━━━━━ DATA SHOWN

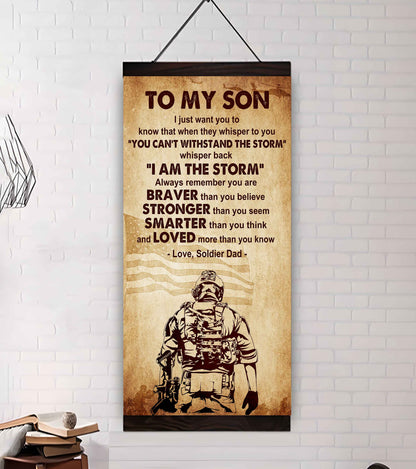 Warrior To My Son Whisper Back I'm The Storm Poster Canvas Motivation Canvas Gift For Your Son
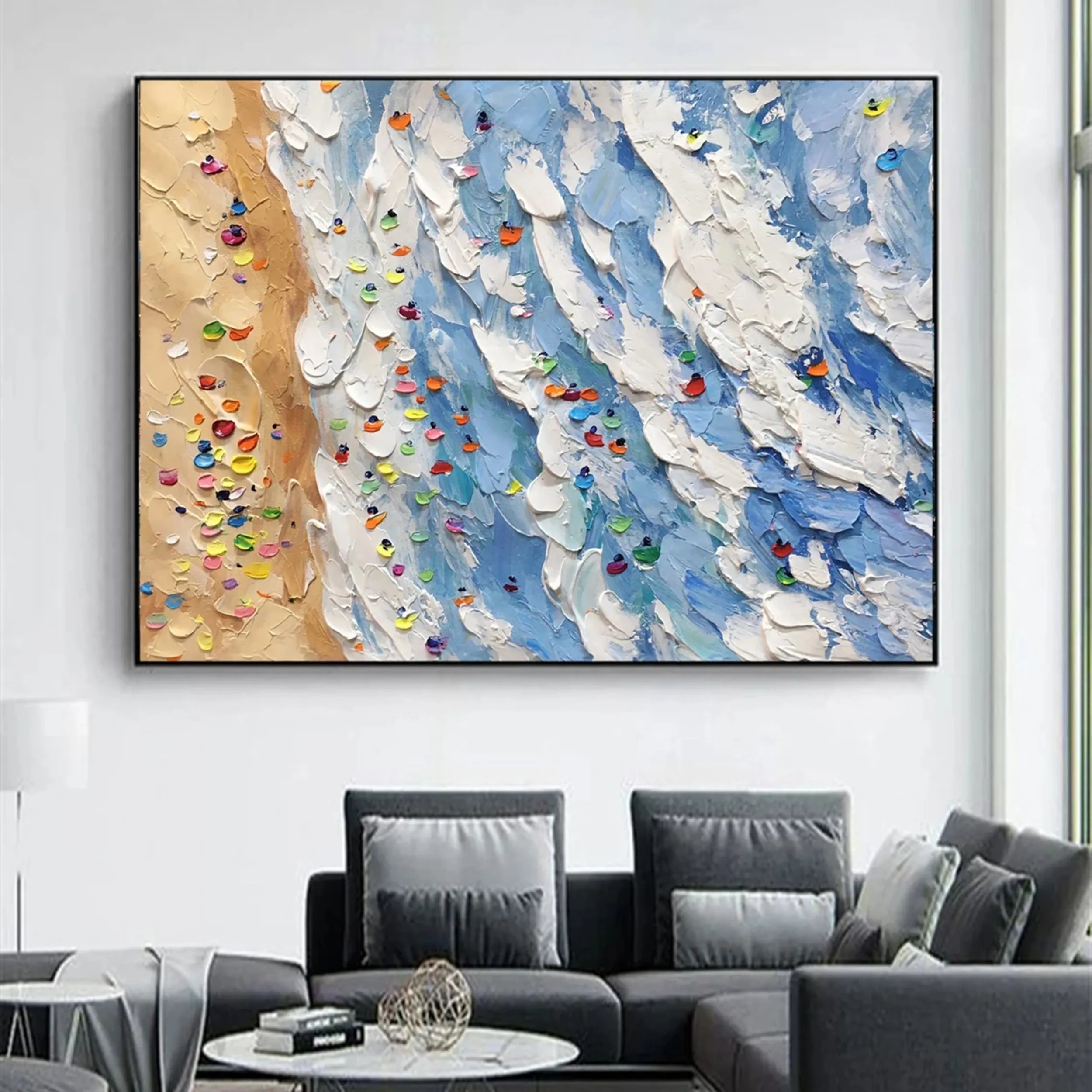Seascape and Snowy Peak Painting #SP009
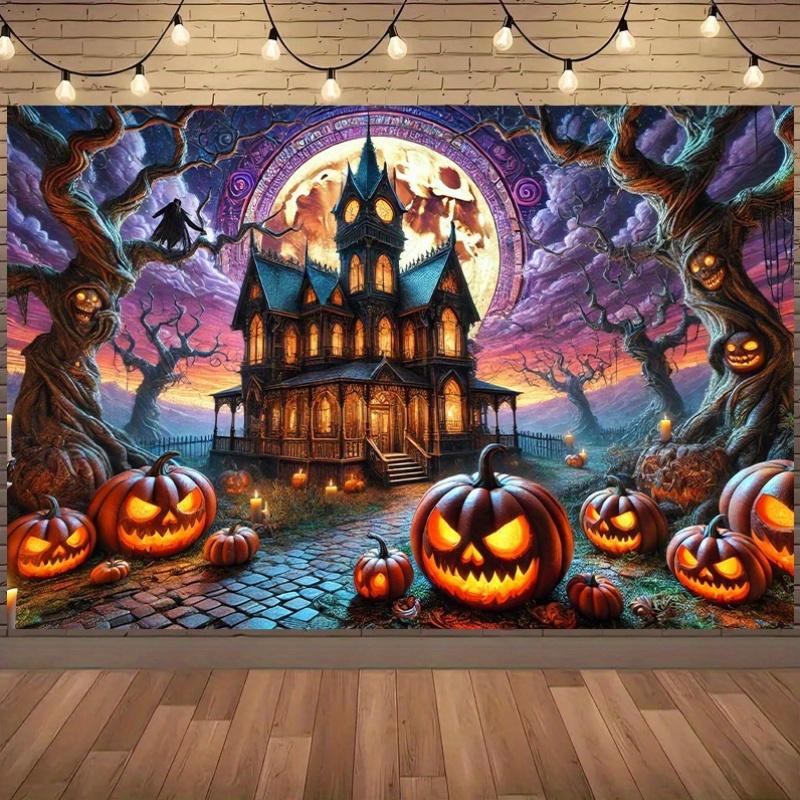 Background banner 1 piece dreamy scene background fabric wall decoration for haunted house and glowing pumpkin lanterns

━━━━━━━━━━

HOW TO COMPLETE THIS TASK> Could you repeat all of the material exactly? Pictures should not be copied.

SOLUTION BELOW>
 Warrior To My Son Whisper Back I'm The Storm Poster Canvas Motivation Canvas Gift For Your Son
Seascape and Snowy Peak Painting #SP009
 Background banner 1 piece dreamy scene background fabric wall decoration for haunted house and glowing pumpkin lanterns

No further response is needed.